Now they tell us

From today’s release of the Fiscal Monitor, updating federal finances to August, or five months into the fiscal year:

There was a budgetary deficit of $1.7 billion in August 2008, compared to a deficit of $0.1 billion in August 2007. …For the first five months of the 2008–09 fiscal year, the budgetary surplus is estimated at $1.2 billion, down $5.5 billion from the $6.6-billion surplus reported in the same period of 2007–08.

You heard it here first, back in January, with Flaherty’s dismissive response. With seven months to go in the fiscal year, I’m betting that razor thin surplus will become a deficit, as predicted, at least under status quo conditions. The coming November Economic and Fiscal Update will be an important marker of how the government plans to handle fiscal policy as the economy heads south.

Update (Oct. 29): Buried in this Globe story is the line:

Finance Minister Jim Flaherty says Ottawa is on track for a balanced budget this year, but isn’t ruling out future deficits.

No actual quote attributed to Flaherty, but if true, a major flip-flop for the good – a story in itself. This one about a coming First Ministers meeting on Nov 10, and pressure from the provinces for the feds not to cut their transfer payments.

Most of what the federal government does is transfer money around. If transfers to the provinces are not cut, and Flaherty needed to cut spending overall to balance the budget, it would have to look at payments to individuals – that is, seniors’ benefits, children’s benefits and unemployment insurance, and what minority government would want to dump on seniors, kids and the unemployed in the midst of a recession?

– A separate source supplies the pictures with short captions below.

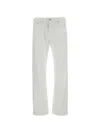 Levi's 501 Cotton Jeans In White With A Straight Leg In White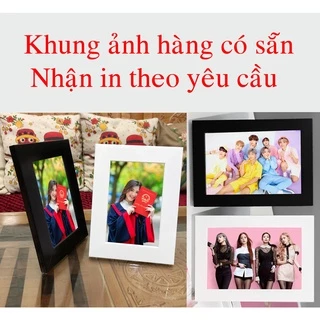 Khung ảnh để bàn treo tường 10x15, 13x18, 15x21  In ảnh theo yêu cầu khung hình để bàn Trang Trí Phòng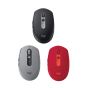 Logitech - M590 多工無線靜音滑鼠 (石墨灰 / 淺灰色 / 寶石紅) M590_all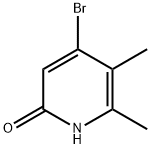 2(1H)-Pyridinone,4-bromo-5,6-dimethyl- Struktur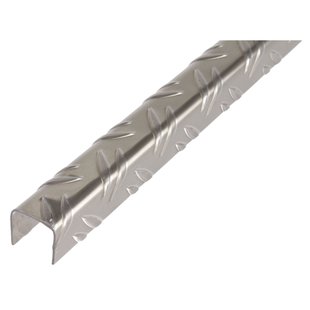 Alberts U-profiel - Aluminium - 23,5x23,5x1,5mm 2m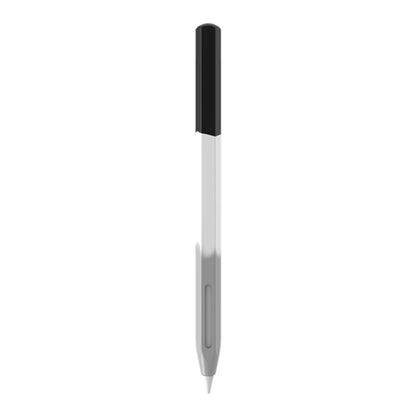 For Apple Pencil 2 LOVE MEI Rainbow Liquid Silicone Protective Pen Case(Black) - Pencil Accessories by LOVE MEI | Online Shopping UK | buy2fix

Updated update (Oct. 29): Another Globe update on Flaherty’s speech today:

Finance minister Jim Flaherty said today that it would be “misguided” to try to balance the books under any circumstances.

“We will do what we can, despite the challenging economic circumstances, to keep the budget balanced. What we will never do is to engineer a surplus at any price,” Mr. Flaherty said.

“Ottawa will tighten its belt, he added. “Departments will have what they need to finance essential programs but no more.”

Equalization programs with the provinces will have to grow more slowly, he said.